I know this is the case, because if I create a delay between steps 1 and 2, then a recordset IS returned in step 2.
This leads me to believe that the read in step 2 is happening too quickly, before the event insert has committed in step 1.
My question is, how do tell the Coldfusion process to wait till Step 1 has completed before doing the read in Step 2??
Step one and step two are tow totally separate methods.
Code:
<cfset MessageHandlerManager = AddComment(argumentCollection=arguments) />
<cfset qEvents = application.API.EventManager.GetEventFeed(commentId=MessageHandlerManager.GetReturnItems()) />
Also, just let me add that the commentId being passed is valid. I have checked.
Another way to look at it:
Given this code:
<!--- Calls CommentInsert proc, which inserts a comment AND inserts an
event record by calling EventInsert within the proc --->
<cfset var newCommentId = AddComment(argumentCollection=arguments) />
<cfloop from="1" to="1000000" index="i">
</cfloop>
<!--- Gets the event record inserted in the code above --->
<cfset qEvent =
application.API.EventManager.GetEventFeed(commentId=newCommentId ) />
When I run the above code, qEvent comes back with a valid record.

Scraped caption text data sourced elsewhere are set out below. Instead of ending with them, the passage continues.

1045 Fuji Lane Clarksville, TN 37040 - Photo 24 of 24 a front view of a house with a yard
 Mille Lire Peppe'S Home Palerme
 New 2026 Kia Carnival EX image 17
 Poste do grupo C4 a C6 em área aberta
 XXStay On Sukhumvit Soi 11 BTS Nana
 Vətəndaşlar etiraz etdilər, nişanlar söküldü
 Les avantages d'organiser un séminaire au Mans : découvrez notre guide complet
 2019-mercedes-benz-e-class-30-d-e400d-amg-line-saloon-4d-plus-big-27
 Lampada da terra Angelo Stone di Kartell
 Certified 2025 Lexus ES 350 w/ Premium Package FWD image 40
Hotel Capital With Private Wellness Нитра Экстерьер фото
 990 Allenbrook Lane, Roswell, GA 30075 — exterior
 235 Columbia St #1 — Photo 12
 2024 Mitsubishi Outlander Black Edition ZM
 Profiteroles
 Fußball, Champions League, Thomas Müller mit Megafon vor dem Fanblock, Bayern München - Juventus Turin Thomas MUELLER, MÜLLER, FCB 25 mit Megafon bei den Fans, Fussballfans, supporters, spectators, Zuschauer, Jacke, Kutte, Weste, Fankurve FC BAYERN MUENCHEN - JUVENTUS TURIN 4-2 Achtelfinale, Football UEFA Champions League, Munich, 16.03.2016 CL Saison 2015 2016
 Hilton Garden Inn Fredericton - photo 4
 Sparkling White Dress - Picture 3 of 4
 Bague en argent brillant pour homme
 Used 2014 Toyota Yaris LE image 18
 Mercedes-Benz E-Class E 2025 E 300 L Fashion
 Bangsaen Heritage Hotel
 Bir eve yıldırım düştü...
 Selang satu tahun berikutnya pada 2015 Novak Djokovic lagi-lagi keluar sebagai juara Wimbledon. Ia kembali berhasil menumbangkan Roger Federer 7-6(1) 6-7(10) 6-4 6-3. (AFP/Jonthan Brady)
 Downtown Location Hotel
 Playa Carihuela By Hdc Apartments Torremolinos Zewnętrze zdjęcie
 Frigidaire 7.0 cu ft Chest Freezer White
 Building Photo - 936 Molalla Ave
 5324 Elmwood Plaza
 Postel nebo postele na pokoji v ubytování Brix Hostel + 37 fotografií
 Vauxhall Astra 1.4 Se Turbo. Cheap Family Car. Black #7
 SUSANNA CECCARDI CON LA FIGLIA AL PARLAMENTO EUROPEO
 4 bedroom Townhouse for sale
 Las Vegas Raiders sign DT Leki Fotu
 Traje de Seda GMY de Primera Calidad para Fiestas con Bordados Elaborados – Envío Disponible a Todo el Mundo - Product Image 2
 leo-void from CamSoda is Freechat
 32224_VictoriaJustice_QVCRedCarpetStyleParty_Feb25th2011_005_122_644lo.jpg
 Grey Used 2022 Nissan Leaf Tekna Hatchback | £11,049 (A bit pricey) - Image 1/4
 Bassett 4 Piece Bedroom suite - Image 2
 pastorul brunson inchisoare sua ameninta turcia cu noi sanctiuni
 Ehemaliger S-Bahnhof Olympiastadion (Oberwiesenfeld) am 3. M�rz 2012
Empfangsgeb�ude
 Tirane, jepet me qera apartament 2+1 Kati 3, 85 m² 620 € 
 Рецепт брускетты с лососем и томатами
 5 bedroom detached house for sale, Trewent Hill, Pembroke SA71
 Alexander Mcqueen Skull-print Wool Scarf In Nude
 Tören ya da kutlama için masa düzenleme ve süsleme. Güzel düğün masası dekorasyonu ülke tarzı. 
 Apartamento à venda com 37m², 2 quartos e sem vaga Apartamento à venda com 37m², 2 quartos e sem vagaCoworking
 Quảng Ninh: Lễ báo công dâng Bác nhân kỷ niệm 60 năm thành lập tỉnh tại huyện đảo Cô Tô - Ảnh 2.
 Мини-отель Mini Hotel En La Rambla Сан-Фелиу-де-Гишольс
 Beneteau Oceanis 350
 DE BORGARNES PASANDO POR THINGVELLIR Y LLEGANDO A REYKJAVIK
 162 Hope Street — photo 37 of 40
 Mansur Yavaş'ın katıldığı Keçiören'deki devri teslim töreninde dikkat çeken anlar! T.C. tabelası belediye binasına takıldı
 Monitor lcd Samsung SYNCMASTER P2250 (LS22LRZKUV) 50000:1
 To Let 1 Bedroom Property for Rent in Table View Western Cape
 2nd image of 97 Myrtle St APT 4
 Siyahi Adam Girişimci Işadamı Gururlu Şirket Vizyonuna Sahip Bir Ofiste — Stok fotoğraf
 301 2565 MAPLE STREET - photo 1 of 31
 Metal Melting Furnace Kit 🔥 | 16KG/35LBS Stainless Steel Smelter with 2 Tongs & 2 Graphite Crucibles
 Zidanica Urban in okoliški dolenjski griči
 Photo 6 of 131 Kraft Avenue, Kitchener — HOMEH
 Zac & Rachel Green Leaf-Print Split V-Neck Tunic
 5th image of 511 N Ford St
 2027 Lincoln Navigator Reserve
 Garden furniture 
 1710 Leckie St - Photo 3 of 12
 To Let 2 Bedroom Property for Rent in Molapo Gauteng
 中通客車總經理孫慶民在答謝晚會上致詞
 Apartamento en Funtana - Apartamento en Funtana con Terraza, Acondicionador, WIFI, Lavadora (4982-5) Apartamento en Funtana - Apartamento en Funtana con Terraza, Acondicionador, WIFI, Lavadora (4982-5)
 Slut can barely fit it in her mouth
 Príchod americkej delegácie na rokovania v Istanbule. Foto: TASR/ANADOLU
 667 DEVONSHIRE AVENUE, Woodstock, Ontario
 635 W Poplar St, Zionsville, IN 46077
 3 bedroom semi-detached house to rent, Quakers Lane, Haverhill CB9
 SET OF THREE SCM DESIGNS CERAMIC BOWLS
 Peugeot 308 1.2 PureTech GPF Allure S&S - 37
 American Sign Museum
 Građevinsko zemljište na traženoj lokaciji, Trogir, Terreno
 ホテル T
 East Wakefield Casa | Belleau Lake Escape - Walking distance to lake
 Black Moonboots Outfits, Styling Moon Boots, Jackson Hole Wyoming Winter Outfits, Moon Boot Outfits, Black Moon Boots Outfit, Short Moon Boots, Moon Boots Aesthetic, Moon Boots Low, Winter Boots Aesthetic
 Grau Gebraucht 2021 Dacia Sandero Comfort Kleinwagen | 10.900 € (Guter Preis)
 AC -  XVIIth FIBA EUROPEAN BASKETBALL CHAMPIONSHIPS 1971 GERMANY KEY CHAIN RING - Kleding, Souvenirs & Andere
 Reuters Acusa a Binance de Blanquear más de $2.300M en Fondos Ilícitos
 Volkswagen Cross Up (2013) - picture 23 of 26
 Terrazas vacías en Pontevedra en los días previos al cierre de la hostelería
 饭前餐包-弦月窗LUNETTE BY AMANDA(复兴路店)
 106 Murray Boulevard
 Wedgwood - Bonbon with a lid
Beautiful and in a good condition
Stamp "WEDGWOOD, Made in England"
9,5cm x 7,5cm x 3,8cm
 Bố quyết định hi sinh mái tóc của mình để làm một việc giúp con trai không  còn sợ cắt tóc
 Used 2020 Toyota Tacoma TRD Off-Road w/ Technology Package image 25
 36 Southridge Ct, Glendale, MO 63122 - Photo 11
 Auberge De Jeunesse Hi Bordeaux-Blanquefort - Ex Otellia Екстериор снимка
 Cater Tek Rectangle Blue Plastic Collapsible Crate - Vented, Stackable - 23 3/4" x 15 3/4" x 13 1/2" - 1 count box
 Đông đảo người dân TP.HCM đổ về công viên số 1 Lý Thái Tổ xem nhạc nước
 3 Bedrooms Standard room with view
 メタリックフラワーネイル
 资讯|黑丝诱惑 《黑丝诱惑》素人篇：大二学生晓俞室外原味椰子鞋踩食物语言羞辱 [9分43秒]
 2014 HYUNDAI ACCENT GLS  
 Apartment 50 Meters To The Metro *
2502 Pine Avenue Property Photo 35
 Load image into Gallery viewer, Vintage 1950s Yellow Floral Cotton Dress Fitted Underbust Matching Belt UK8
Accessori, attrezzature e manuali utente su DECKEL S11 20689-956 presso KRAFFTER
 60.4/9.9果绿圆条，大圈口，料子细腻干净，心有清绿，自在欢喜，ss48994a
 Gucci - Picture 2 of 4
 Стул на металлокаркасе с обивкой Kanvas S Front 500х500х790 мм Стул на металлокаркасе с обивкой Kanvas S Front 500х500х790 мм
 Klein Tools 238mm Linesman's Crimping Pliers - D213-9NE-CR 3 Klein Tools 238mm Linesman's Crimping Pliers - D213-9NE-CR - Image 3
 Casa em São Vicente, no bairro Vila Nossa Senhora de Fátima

However, when I comment out the loop, the record is coming back
empty.
What I think is happening is that the CommentInsert returns the new
comment Id, but when the GetEventFeed function is called, the
EventInsert proc hasn't completed in time and no record is found.
Thus, by adding the loop and delaying a bit, the event insert has time
to finish and then a valid record is returned when GetEventFeed is
called.
So my question is, how do I prevent this without using the loop.
UPDATE:
Here are the two stored procs used:
DELIMITER $$
DROP PROCEDURE IF EXISTS `CommentInsert` $$
CREATE DEFINER=`root`#`%` PROCEDURE `CommentInsert`(
IN _commentParentId bigint,
IN _commentObjectType int,
IN _commentObjectId bigint,
IN _commentText text,
IN _commentAuthorName varchar(100),
IN _commentAuthorEmail varchar(255),
IN _commentAuthorWebsite varchar(512),
IN _commentSubscribe tinyint(1),
IN _commentIsDisabled tinyint(1),
IN _commentIsActive tinyint(1),
IN _commentCSI int,
IN _commentCSD datetime,
IN _commentUSI int,
IN _commentUSD datetime,
OUT _commentIdOut bigint
)
BEGIN
DECLARE _commentId bigint default 0;
INSERT INTO comment
(
commentParentId,
commentObjectType,
commentObjectId,
commentText,
commentAuthorName,
commentAuthorEmail,
commentAuthorWebsite,
commentSubscribe,
commentIsDisabled,
commentIsActive,
commentCSI,
commentCSD,
commentUSI,
commentUSD
)
VALUES
(
_commentParentId,
_commentObjectType,
_commentObjectId,
_commentText,
_commentAuthorName,
_commentAuthorEmail,
_commentAuthorWebsite,
_commentSubscribe,
_commentIsDisabled,
_commentIsActive,
_commentCSI,
_commentCSD,
_commentUSI,
_commentUSD
);
SET _commentId = LAST_INSERT_ID();
CALL EventInsert(6, Now(), _commentId, _commentObjectType, _commentObjectId, null, null, 'Comment Added', 1, _commentCSI, Now(), _commentUSI, Now());
SELECT _commentId INTO _commentIdOut ;
END $$
DELIMITER ;
DELIMITER $$
DROP PROCEDURE IF EXISTS `EventInsert` $$
CREATE DEFINER=`root`#`%` PROCEDURE `EventInsert`(
IN _eventTypeId int,
IN _eventCreateDate datetime,
IN _eventObjectId bigint,
IN _eventAffectedObjectType1 int,
IN _eventAffectedObjectId1 bigint,
IN _eventAffectedObjectType2 int,
IN _eventAffectedObjectId2 bigint,
IN _eventText varchar(1024),
IN _eventIsActive tinyint,
IN _eventCSI int,
IN _eventCSD datetime,
IN _eventUSI int,
IN _eventUSD datetime
)
BEGIN
INSERT INTO event
(
eventTypeId,
eventCreateDate,
eventObjectId,
eventAffectedObjectType1,
eventAffectedObjectId1,
eventAffectedObjectType2,
eventAffectedObjectId2,
eventText,
eventIsActive,
eventCSI,
eventCSD,
eventUSI,
eventUSD
)
VALUES
(
_eventTypeId,
_eventCreateDate,
_eventObjectId,
_eventAffectedObjectType1,
_eventAffectedObjectId1,
_eventAffectedObjectType2,
_eventAffectedObjectId2,
_eventText,
_eventIsActive,
_eventCSI,
_eventCSD,
_eventUSI,
_eventUSD
);
END $$
DELIMITER ;
Found it. Boiled down to this line in the EventManager.GetEventFeed query:
AND eventCreateDate <= <cfqueryparam cfsqltype="cf_sql_timestamp" value="#Now()#" />
What was happening was the MySql Now() function called in the EventInsert proc was a fraction later than the Coldfusion #Now()# being used in the query. Therefore the line of code excluded that record.Also, why it was only happening when comments were added quickly.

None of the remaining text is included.